**Task item**.
The answer is the exact run of lines in the listing below from the line containing "LCP Mug Hold Onto Hope Joyful Textured White" up to and including the line containing "Барный стул бархатный", with pictures removed.

**Source material**.
================

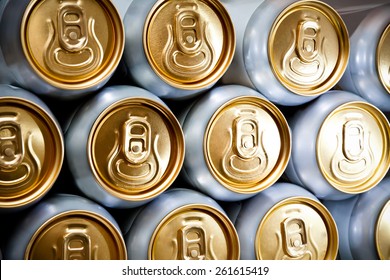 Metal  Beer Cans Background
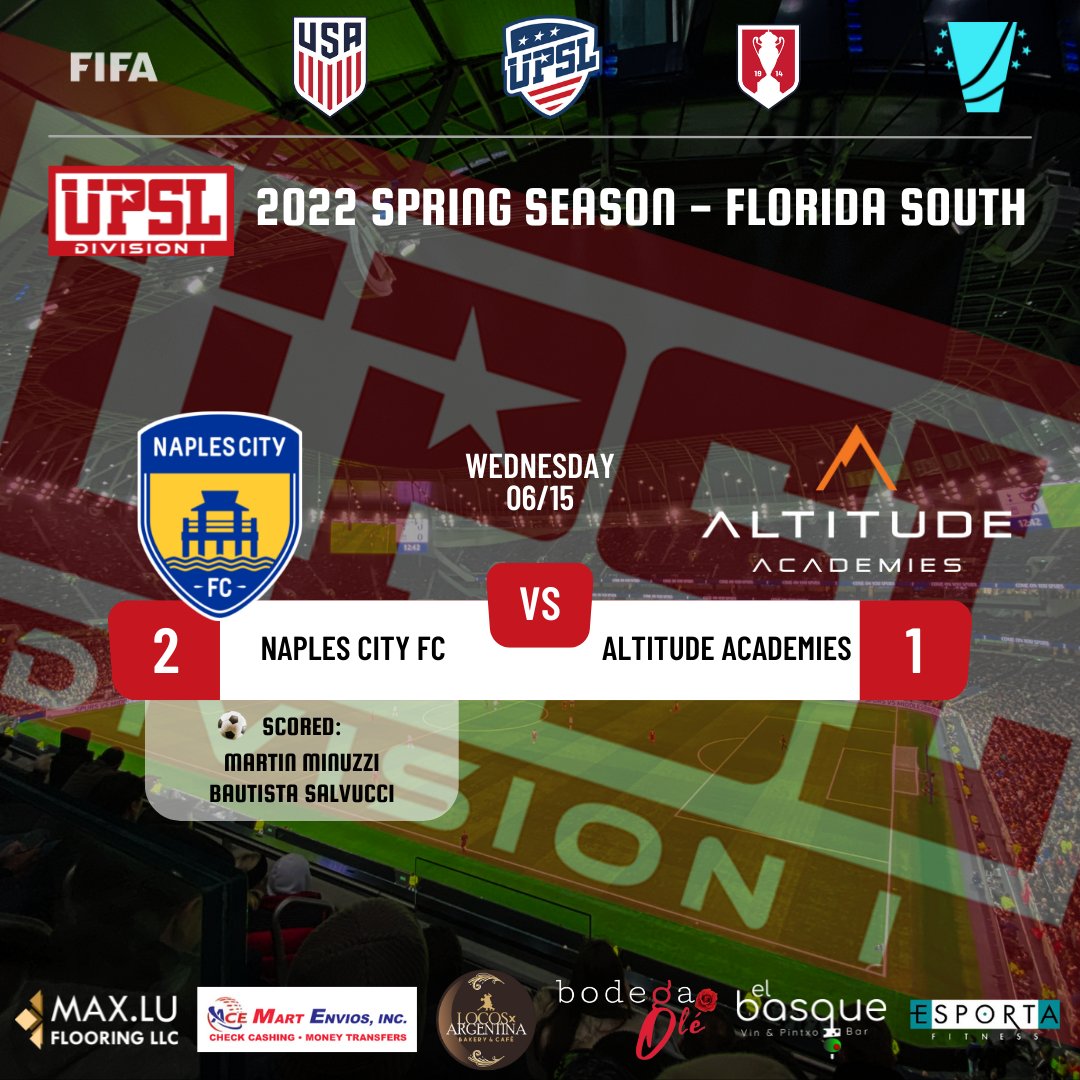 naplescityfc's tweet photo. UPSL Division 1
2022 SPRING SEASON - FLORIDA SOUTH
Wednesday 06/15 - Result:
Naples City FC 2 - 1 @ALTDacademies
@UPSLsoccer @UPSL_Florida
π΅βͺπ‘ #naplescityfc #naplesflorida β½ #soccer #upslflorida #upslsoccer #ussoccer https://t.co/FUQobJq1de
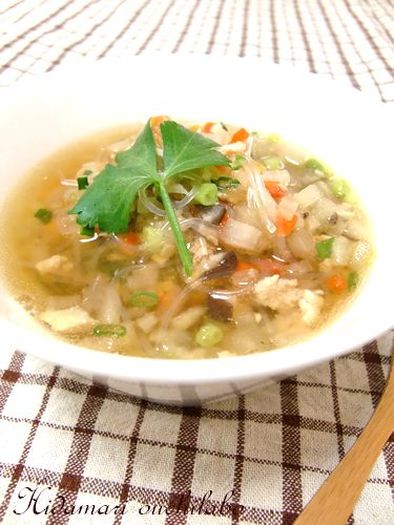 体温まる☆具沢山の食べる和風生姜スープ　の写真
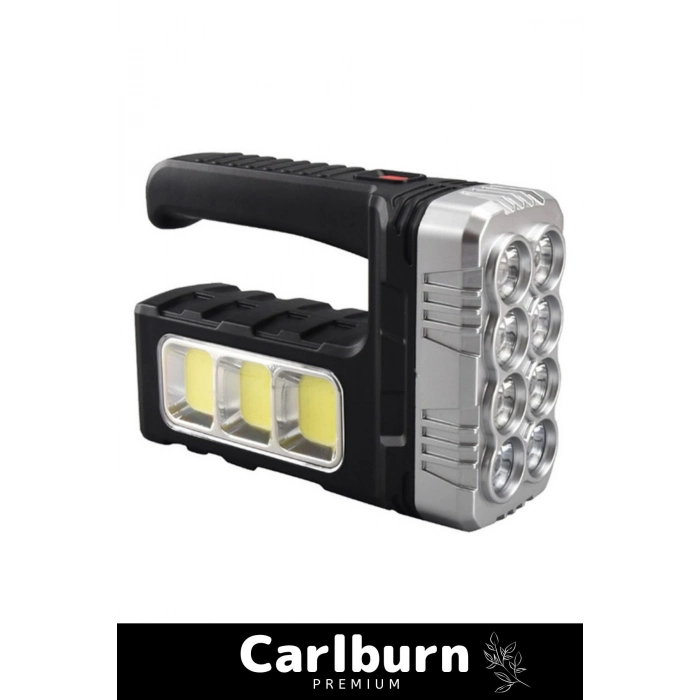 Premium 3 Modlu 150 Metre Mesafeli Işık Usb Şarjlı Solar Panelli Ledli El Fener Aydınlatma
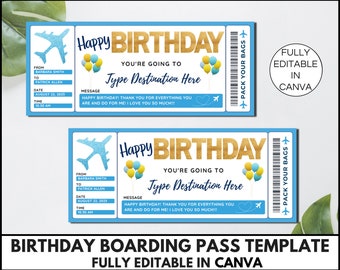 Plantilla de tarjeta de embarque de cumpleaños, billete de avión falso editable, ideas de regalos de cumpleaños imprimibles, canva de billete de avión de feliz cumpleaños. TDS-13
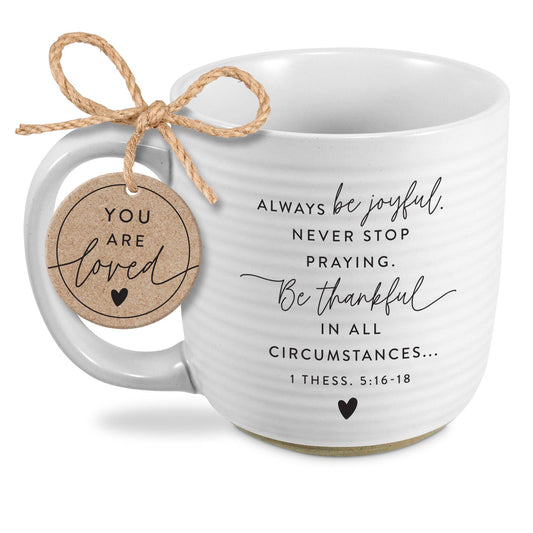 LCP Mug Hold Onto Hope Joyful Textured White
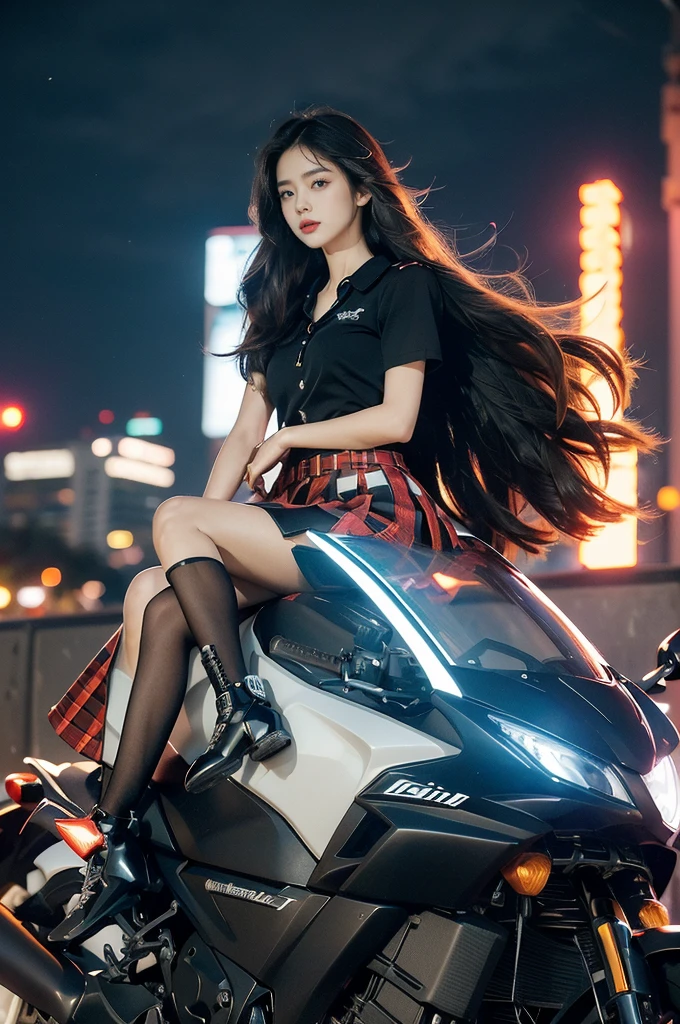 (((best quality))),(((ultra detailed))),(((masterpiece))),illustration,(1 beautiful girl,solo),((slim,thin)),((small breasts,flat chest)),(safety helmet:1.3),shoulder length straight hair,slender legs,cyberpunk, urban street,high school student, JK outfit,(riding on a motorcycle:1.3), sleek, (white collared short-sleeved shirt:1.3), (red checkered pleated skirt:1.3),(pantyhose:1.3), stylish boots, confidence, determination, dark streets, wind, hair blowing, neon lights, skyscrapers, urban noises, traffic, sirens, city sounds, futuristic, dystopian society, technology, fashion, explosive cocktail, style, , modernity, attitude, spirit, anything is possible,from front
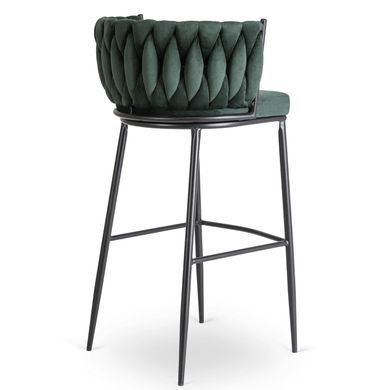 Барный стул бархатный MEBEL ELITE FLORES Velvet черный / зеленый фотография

================

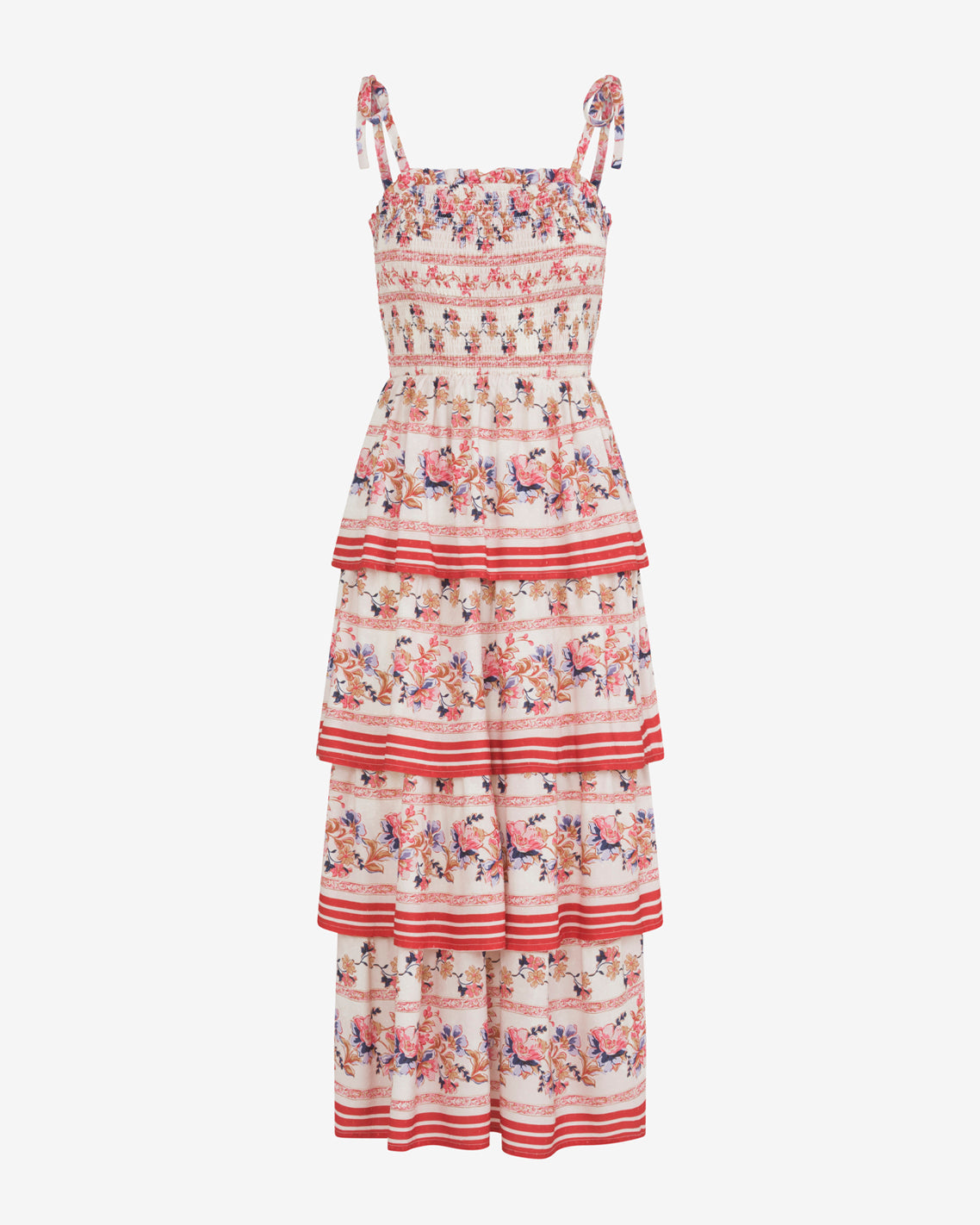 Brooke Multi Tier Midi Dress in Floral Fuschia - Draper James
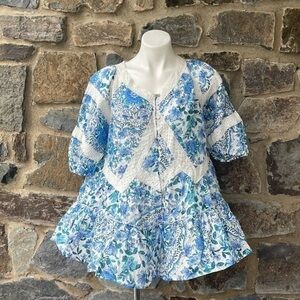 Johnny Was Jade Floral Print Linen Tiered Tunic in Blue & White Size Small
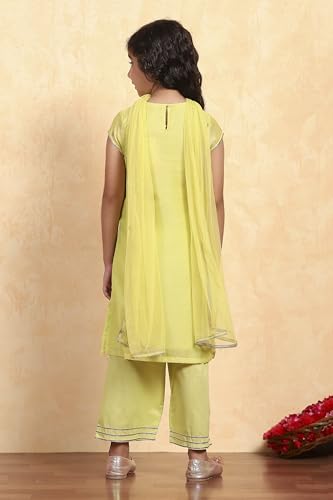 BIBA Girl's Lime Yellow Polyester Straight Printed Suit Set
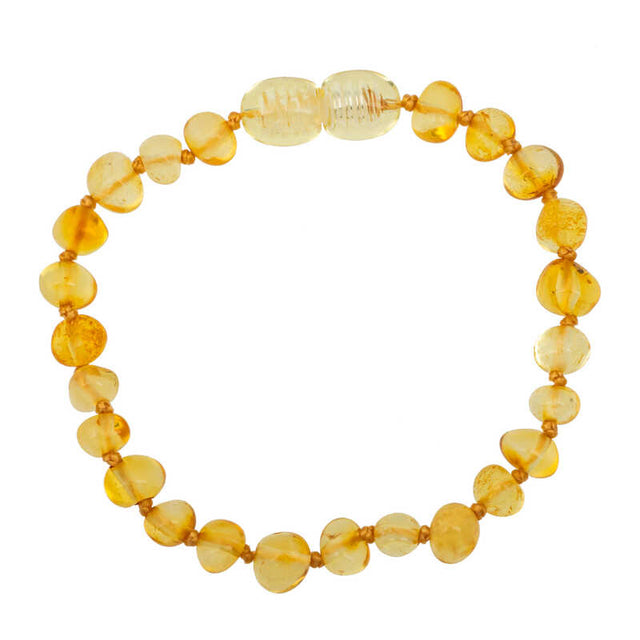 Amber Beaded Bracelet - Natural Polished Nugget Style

================

**Problem solution**.
 LCP Mug Hold Onto Hope Joyful Textured White
 (((best quality))),(((ultra detailed))),(((masterpiece))),illustration,(1 beautiful girl,solo),((slim,thin)),((small breasts,flat chest)),(safety helmet:1.3),shoulder length straight hair,slender legs,cyberpunk, urban street,high school student, JK outfit,(riding on a motorcycle:1.3), sleek, (white collared short-sleeved shirt:1.3), (red checkered pleated skirt:1.3),(pantyhose:1.3), stylish boots, confidence, determination, dark streets, wind, hair blowing, neon lights, skyscrapers, urban noises, traffic, sirens, city sounds, futuristic, dystopian society, technology, fashion, explosive cocktail, style, , modernity, attitude, spirit, anything is possible,from front
 Барный стул бархатный MEBEL ELITE FLORES Velvet черный / зеленый фотография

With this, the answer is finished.